B-VG Art83 Abs2, Art130, Art141 Abs1 litb
Nö GdO 1973 §43, §108, §109
VfGG §7 Abs2

Leitsatz

Verletzung im Recht auf ein Verfahren vor dem gesetzlichen Richter betreffend die Zurückweisung einer Beschwerde gegen den Bescheid einer Niederösterreichischen Kreiswahlbehörde durch das Landesverwaltungsgericht als unzulässig; Bescheid über die Wahl der Ausschüsse eines Gemeinderates nicht von der Zuständigkeit der Verwaltungsgerichte ausgeschlossen

Spruch

I. Die Beschwerdeführer sind durch das angefochtene Erkenntnis im verfassungsgesetzlich gewährleisteten Recht auf ein Verfahren vor dem gesetzlichen Richter (Art83 Abs2 B-VG) verletzt worden.

Das Erkenntnis wird aufgehoben.

II. Das Land Niederösterreich ist schuldig, den Beschwerdeführern zuhanden ihres Rechtsvertreters die mit € 3.771,60 bestimmten Prozesskosten binnen 14 Tagen bei sonstiger Exekution zu ersetzen.

Begründung

Entscheidungsgründe

I. Sachverhalt, Beschwerde und Vorverfahren

1. In der konstituierenden Sitzung des Gemeinderates der Stadtgemeinde Groß Gerungs vom 20. Februar 2020 fand unter anderem die Wahl des Prüfungsausschusses statt. Diese Wahl wurde von den Beschwerdeführern – mit Ausnahme des Fünftbeschwerdeführers – gemäß §109 NÖ Gemeindeordnung 1973 (im Folgenden: NÖ GO 1973) fristgerecht bei der Bezirkswahlbehörde angefochten.

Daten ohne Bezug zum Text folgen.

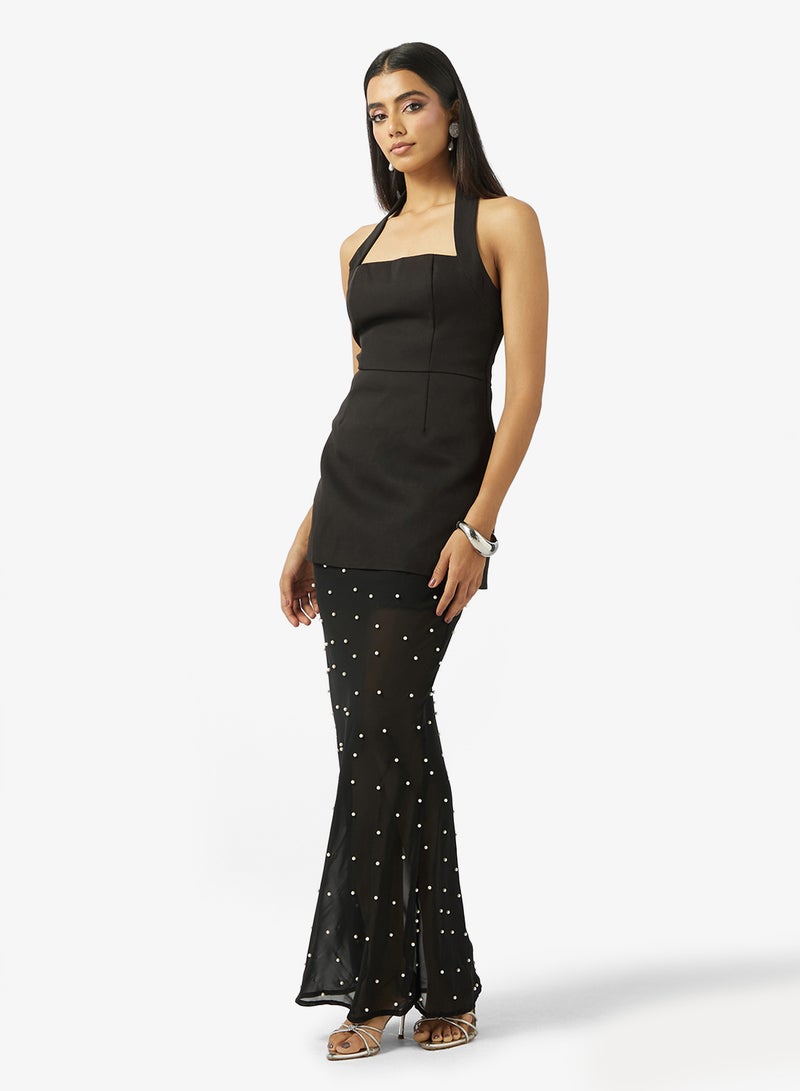 Style Cheat Halter Slip Pearl Dress in Black - Image 1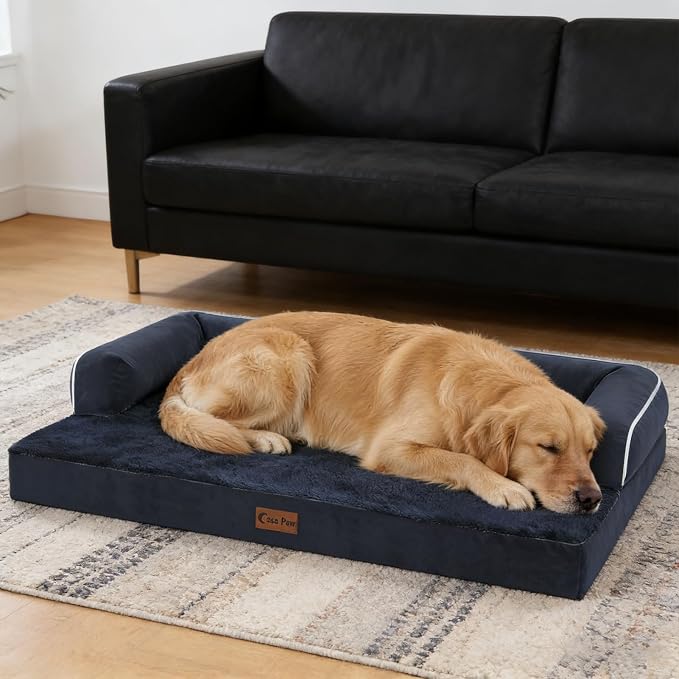 Orthopedic Dog Beds for Extra Large Dogs, Waterproof Egg Crate Foam XL Dog Bed with Sides 45x35Inch, Big Dogs Couch Beds with Removable Washable Cover and Nonskid Bottom, Navy Blue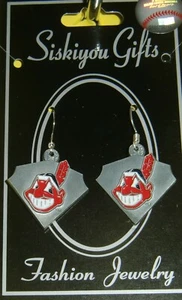 Cleveland Indians Dangle Earrings Licensed MLB Baseball Jewelry - Picture 1 of 3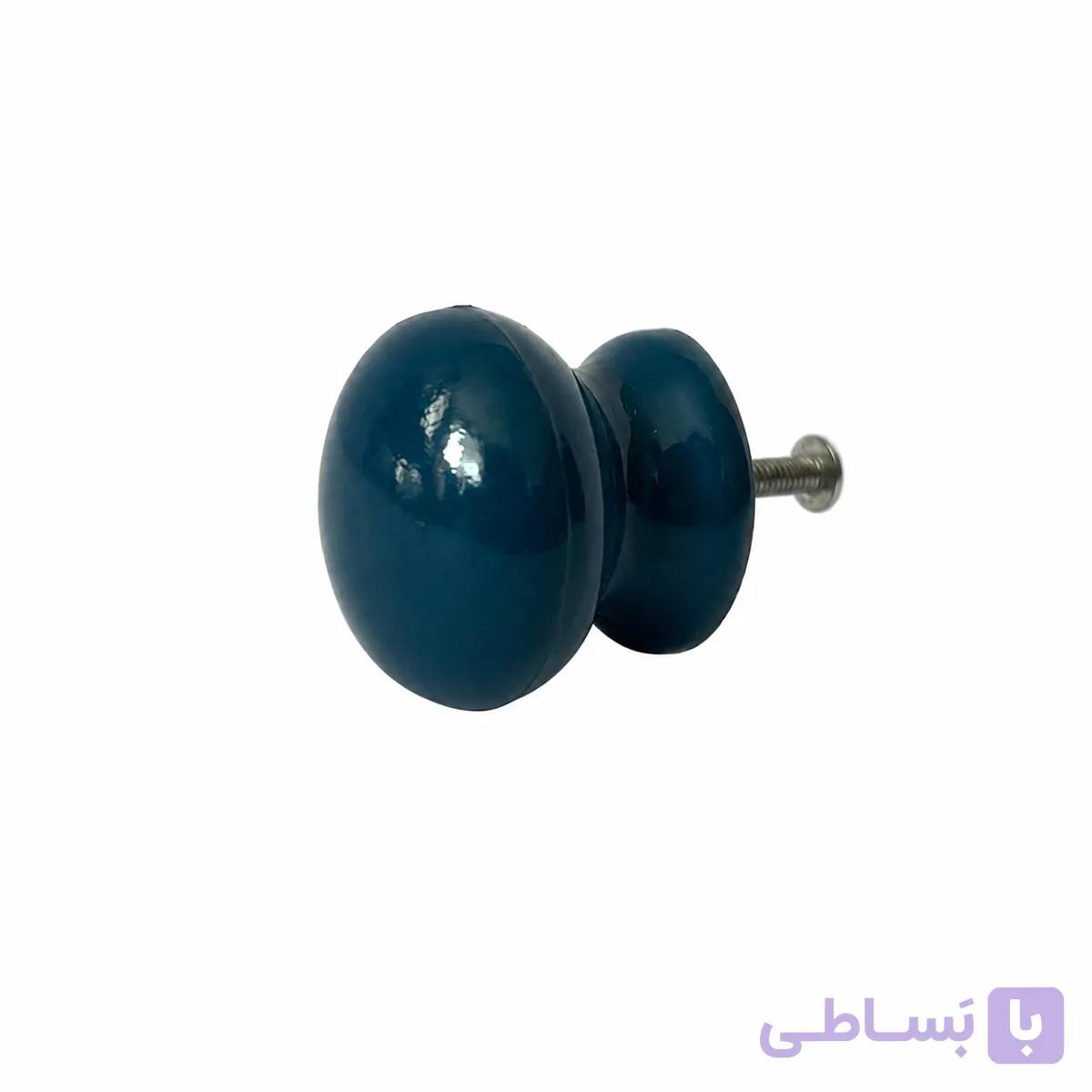 دستگیره کمدی تک پیچ پلیمری آبی — تصویر 1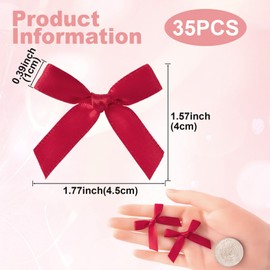 Pndeyo 35pcs Mini Gift Wrap Bows, Tiny Cute Satin Ribbon Bow, Soft Craft Bowknot Sewing Accessories for Christmas Wedding Birthday Party Flowers Bakery Treat Gift Box Decoration- Maroon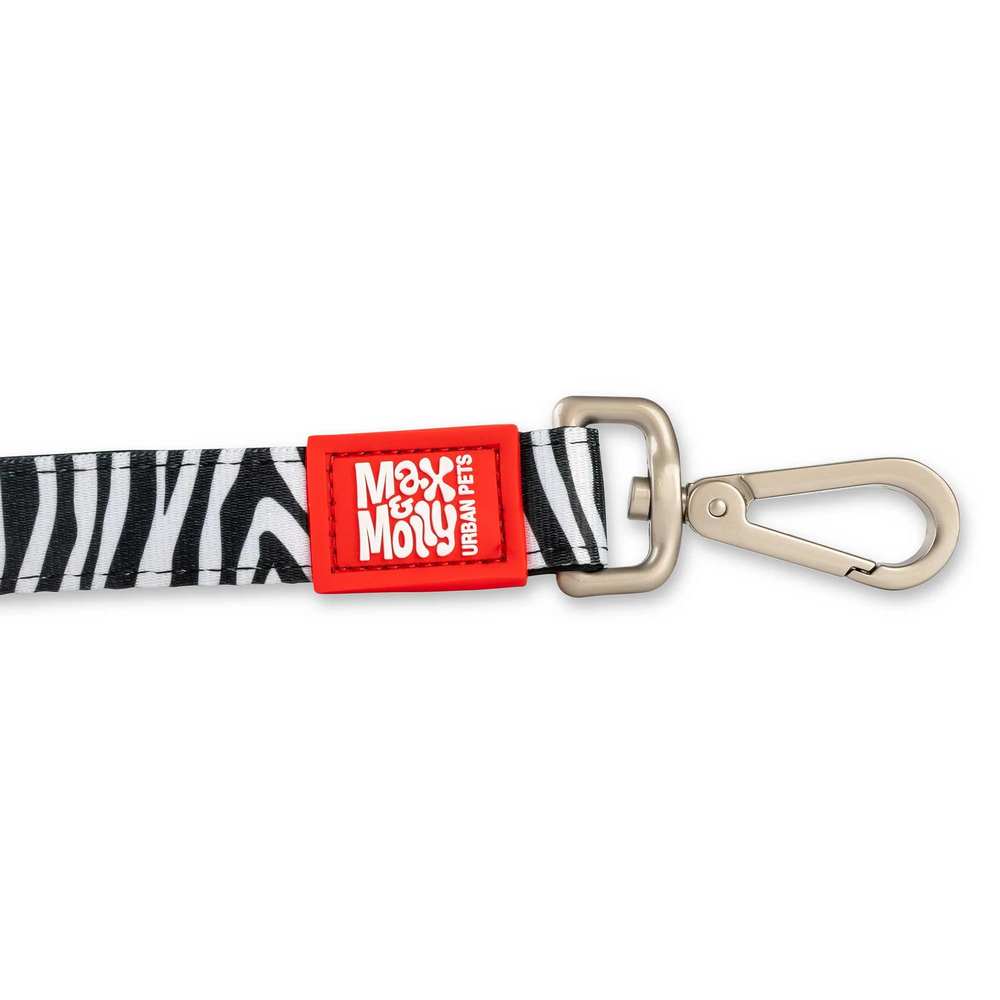 Max & Molly Short Leash Zebra короткий повідець, принт зебра - L
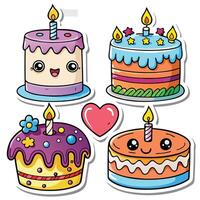 four different cakes with candles and hearts vector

In der Sitzung des Gemeinderates der Stadtgemeinde Groß Gerungs vom 13. Mai 2020 fand die Wahl des Bauausschusses des Gemeinderates statt. Auch dieses Wahlverfahren wurde von den Beschwerdeführern – mit Ausnahme des Viertbeschwerdeführers, der zu diesem Zeitpunkt auf Grund der Niederlegung seines Mandats bereits aus dem Gemeinderat ausgeschieden war – gemäß §109 NÖ GO 1973 fristgerecht bei der Bezirkswahlbehörde angefochten.

Beide Anfechtungen wurden im Wesentlichen damit begründet, dass die Anwendung des d'Hondt'schen Verfahrens bei der Verteilung der Mandate im Rahmen dieser Wahlen rechtswidrig sei.

2. Mit Bescheid der Kreiswahlbehörde Zwettl als Bezirkswahlbehörde vom 23. Juni 2020 wurde diesen Anfechtungen nicht stattgegeben. Dies wurde im Wesentlichen damit begründet, dass nach der NÖ GO 1973 bei der Verteilung der Anzahl der Mandate auf die im Gemeinderat vertretenen Wahlparteien das d'Hondt'sche Verfahren anzuwenden sei.

3. Die gegen diesen Bescheid erhobenen Beschwerden der Beschwerdeführer wies das Landesverwaltungsgericht Niederösterreich mit Beschluss vom 9. September 2020 als unzulässig zurück. Dies wird im Wesentlichen damit begründet, dass die Wahlen des Prüfungsausschusses und des Bauausschusses als solche "in die mit der Vollziehung betrauten Organe einer Gemeinde" iSd Art141 Abs1 litb B-VG in die Zuständigkeit des Verfassungsgerichtshofes fallen würden, weshalb eine Beschwerde an das Verwaltungsgericht nach Art130 Abs1 Z1 iVm Art130 Abs5 B-VG ausgeschlossen sei.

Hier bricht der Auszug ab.